第73話 9月4日(月)身体測定
保健室での測定 午前
養護教諭・山田の記録
身体測定週間の初日。
1年生から順番に測定。
異常なデータが出ている。
全員の身長が、4月から3cm以上伸びている
体重は標準だが、体脂肪率が異常に低い
握力が年齢平均の1.5倍
そして、測定中の子供たちの行動。
「次の人」と呼ぶ前に、自然に交代する。
まるで、順番がプログラムされているかのように。
2年生女子の視点
身長を測る。
「伸びたね」と山田先生が言う。
確かに、服がきつくなった。でも、それだけじゃない。
体が軽い。ジャンプすると、前より高く飛べる。
走ると、風みたいに速い。
「これ、普通かな」
隣の子に聞くと、「普通だよ」と答える。
みんな同じだから、普通。
でも、前の「普通」とは違う気がする。
職員室での会話 午後
3年担任・吉田の視点
「測定結果、見ました?」
山田先生が、データを見せてくれる。
確かに異常だ。
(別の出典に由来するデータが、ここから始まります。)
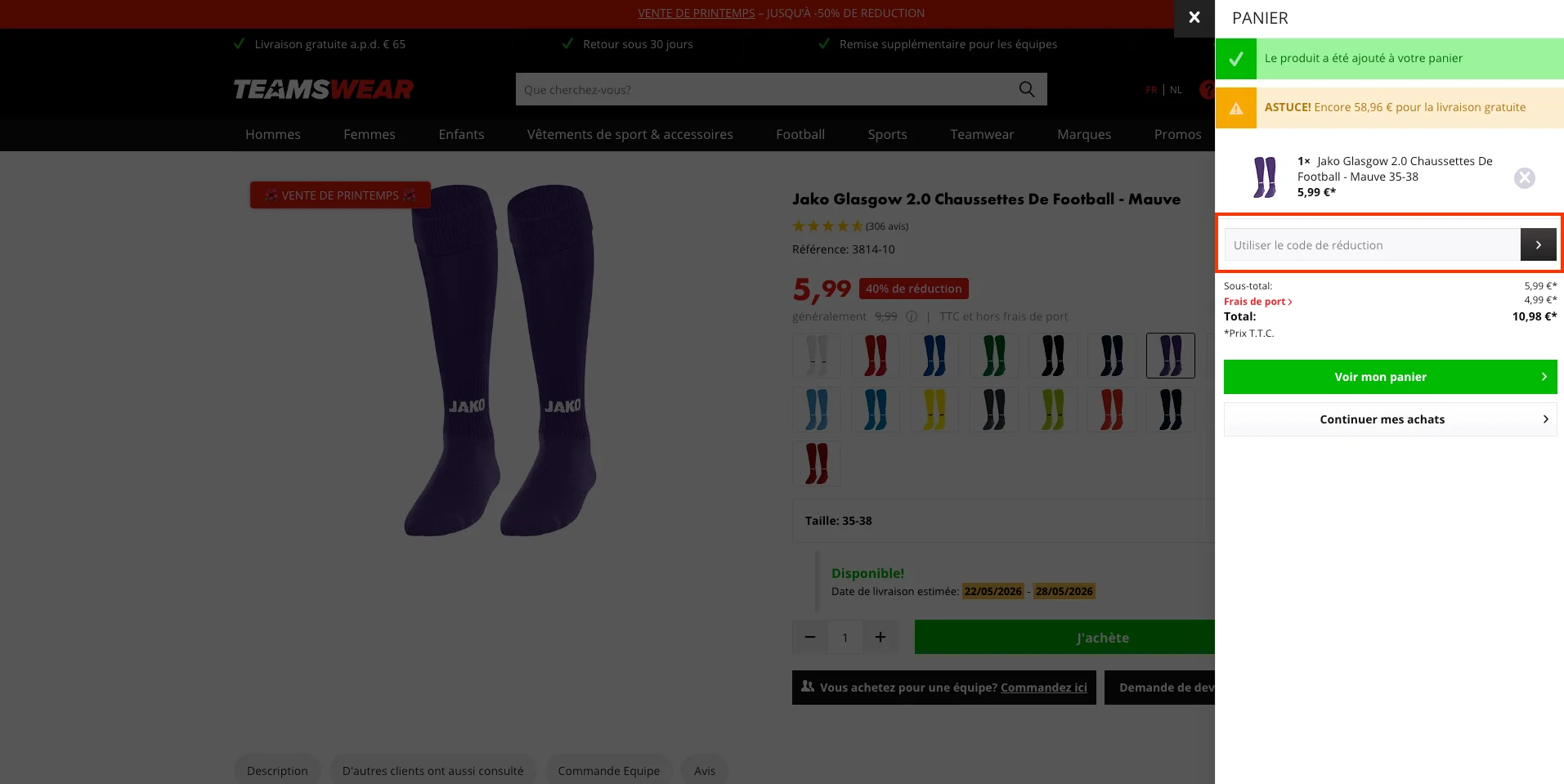 Comment utiliser - Teamswear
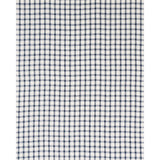 Schumacher Crawford Linen Check Indigo Fabric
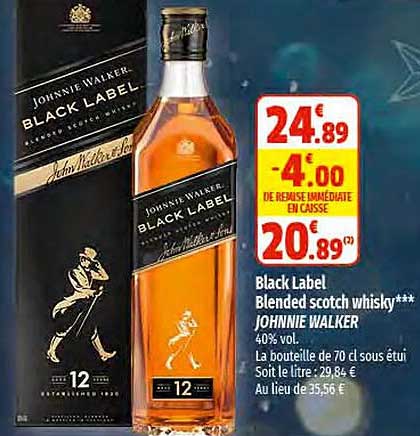 black label blended scotch whisky johnnie walker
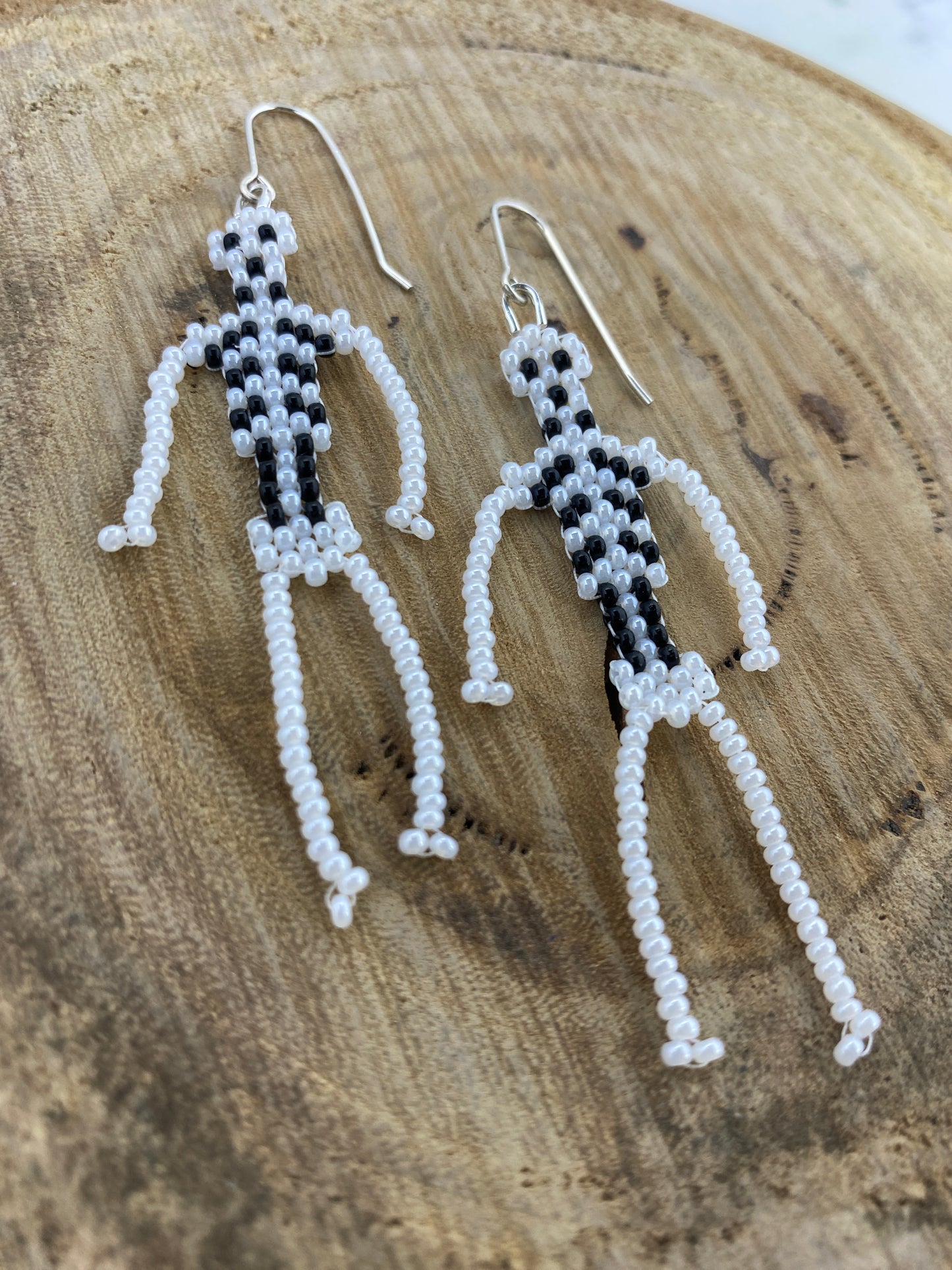 Skeleton Beaded Earrings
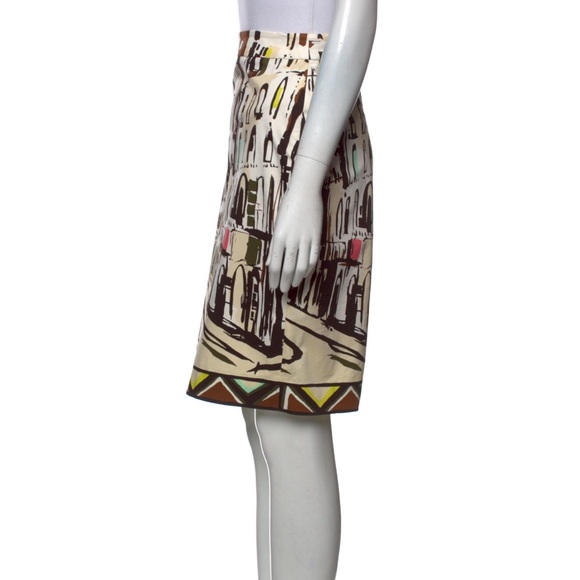 Kate Spade New York Stylish Cityscape Print Pencil Skirt Size: 0 - Picture 3 of 6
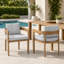 Chaise de salle à manger Elko Outddor et aluminium d'intérieur (excluant la table)-1272885519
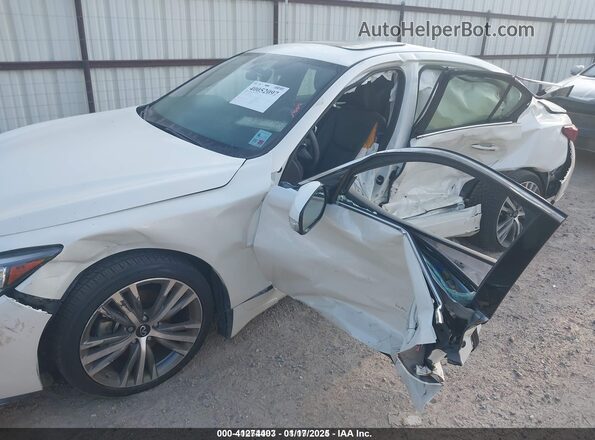 JN1EV7CP6MM701409 2021 INFINITI Q50 Белый Вид спереди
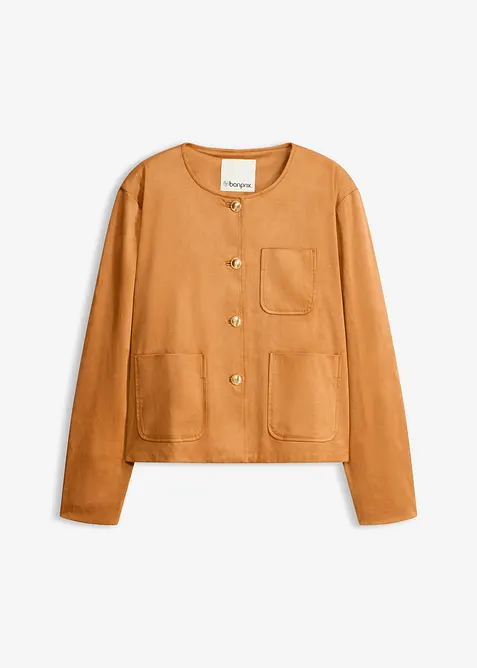 Giacca in similpelle scamosciata, bonprix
でも、子供たちは健康そのもの。
「成長期ですから」
自分でも苦しい言い訳だとわかっている。
でも、他に説明のしようがない。
いや、説明する必要があるのか?
みんな健康で、みんな仲良し。
それでいいじゃないか。
教頭・山本の視点
職員の会話を聞いている。
みんな、異変に気づいている。でも、誰も深刻に捉えない。
それは、私たち自身も変わっているから。
鏡を見ると、耳の形が少し変わっている。
爪も、毎日切らないと伸びすぎる。
でも、不思議と違和感はない。
むしろ、これが本来の姿のような気がする。